The oil policy now endorsed by the entire media, and by both Democrats and Republicans, is nothing less than a species of economic insanity. Both the liberal and the conservative wings of the Establishment agree on the basics: that there is a worldwide oil "shortage," imposed by the evil Arabs of the OPEC cartel, and reflected in a price of crude oil that is much "too high"; and that the way to combat this alleged shortage is for the American government to impose further restraints on the consumption of oil, thereby increasing the shortage, and driving the price of oil and of petroleum products still higher! In other words, combat a shortage by deliberately making that shortage more severe!

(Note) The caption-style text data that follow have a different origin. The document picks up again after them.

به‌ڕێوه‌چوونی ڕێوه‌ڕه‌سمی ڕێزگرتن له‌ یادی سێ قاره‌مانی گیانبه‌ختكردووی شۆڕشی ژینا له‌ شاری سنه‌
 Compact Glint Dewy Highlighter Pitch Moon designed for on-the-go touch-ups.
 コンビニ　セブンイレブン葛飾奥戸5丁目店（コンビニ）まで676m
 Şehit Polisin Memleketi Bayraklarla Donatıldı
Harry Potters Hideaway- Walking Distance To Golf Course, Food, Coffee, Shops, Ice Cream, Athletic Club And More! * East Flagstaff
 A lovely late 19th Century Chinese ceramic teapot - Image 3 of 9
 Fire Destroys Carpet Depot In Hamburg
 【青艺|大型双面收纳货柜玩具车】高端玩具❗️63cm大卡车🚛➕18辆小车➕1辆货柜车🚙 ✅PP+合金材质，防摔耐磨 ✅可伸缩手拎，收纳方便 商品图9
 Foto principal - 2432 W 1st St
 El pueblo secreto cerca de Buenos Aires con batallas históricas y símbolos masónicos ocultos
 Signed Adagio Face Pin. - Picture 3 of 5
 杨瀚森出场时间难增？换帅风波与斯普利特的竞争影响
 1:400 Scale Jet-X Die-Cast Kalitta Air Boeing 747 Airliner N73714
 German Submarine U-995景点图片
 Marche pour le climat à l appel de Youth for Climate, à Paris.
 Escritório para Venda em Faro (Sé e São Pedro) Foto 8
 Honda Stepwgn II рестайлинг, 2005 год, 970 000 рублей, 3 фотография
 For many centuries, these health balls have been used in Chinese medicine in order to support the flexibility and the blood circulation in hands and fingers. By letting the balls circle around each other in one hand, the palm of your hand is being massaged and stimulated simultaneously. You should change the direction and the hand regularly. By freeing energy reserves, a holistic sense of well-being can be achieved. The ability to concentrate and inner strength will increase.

And yet there is almost no one in the media to blow the whistle on this lunacy; on the contrary, all quarters are joining in the hoopla.

To be more specific, the Democrats want to make the oil shortage more severe by imposing gasoline rationing, import quotas on oil, and compulsory allocations by government. In short, combat the oil shortage by really creating a shortage! The Ford administration, on the other hand, has opted for what it laughingly calls the "market" solution for the alleged problem: a high tariff on imported oil, joined with a high tax on domestic production, thereby restricting the supply of oil and gas, and driving the price up. That's the market? (For Greenspan-watchers, it should be noted that the "libertarian" Greenspan has, according to the New York Times, been in the forefront of advocating the Ford import tariff on oil.)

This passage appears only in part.